= Moya Thompson =

Jamaican athlete

Moya Thompson (born 21 August 1982) is a Jamaican sprinter who specialized in the 400 metres. She is also known as a relay runner, winning a gold medal at the 2005 Central American and Caribbean Championships and setting a world best performance in the sprint medley relay.

==Career==
From 2002 to 2005, Thompson competed collegiately for the Lincoln Blue Tigers. She won the individual 400 metres title at the NCAA Division II women's indoor track and field championships in 2005 and took the individual silver in 2004. At the NCAA Division II women's outdoor track and field championships, she won back-to-back gold medals in 2003 and 2004 (and finished fourth in the 200 metres both times). She was selected by the USTFCCCA to the NCAA Division II Athlete Hall of Fame in 2023.

She finished fourth at the 2004 NACAC U23 Championships and sixth at the 2005 Central American and Caribbean Championships. At the 2005 CACC, she also won a gold medal in the 4 × 400 metres relay.

She was selected for the relay team at the 2006 World Indoor Championships, finishing fifth, and competed individually at the 2008 World Indoor Championships without reaching the final. After finishing eighth in the Jamaican championships that summer, she was selected for the 2008 Central American and Caribbean Championships where she raced without reaching the final.

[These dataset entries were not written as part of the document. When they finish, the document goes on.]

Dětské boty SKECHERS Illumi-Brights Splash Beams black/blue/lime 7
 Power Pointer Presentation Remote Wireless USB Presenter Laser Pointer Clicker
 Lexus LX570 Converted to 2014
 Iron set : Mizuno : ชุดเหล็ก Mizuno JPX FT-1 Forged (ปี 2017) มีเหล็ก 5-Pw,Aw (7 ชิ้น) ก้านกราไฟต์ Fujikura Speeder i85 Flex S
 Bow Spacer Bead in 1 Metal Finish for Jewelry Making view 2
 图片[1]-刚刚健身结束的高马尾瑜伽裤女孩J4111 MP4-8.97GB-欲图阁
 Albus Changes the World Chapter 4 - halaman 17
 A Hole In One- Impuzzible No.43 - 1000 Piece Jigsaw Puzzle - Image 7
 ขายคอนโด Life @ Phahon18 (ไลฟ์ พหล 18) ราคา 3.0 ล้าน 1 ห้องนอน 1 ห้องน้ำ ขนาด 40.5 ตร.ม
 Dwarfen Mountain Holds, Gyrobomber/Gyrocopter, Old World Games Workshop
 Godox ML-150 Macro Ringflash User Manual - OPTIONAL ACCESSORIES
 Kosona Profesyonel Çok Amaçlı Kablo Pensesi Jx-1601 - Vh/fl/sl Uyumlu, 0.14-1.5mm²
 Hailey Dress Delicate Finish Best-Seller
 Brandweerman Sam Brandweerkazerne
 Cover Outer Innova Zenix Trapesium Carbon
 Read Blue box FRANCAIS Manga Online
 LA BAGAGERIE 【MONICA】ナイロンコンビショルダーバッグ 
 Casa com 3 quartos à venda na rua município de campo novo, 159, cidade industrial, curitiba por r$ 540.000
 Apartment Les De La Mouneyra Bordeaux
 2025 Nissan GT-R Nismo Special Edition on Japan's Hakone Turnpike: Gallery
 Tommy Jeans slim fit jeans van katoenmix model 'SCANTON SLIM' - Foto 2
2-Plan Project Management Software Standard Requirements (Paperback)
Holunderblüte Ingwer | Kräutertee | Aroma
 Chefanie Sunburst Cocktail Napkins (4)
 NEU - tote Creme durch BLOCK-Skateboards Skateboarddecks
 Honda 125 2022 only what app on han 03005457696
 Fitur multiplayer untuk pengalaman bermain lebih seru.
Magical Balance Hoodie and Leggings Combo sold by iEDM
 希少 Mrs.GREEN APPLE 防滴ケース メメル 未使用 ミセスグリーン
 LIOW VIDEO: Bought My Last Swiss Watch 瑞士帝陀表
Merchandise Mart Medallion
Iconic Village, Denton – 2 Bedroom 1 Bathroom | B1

At the 2009 Penn Relays, she participated on a Jamaican team in the rarely contested sprint medley relay (200, 200, 400, 800). With Thompson unning the 400 metre leg, the team set a world best performance with 3:34.56 minutes. She also finished fifth at the 2009 Jamaican championships.

Her lifetime best result was 51.47 seconds, achieved in May 2006 in Atlanta, and later equalled during the semi-final of the 2008 Jamaican championships in Kingston.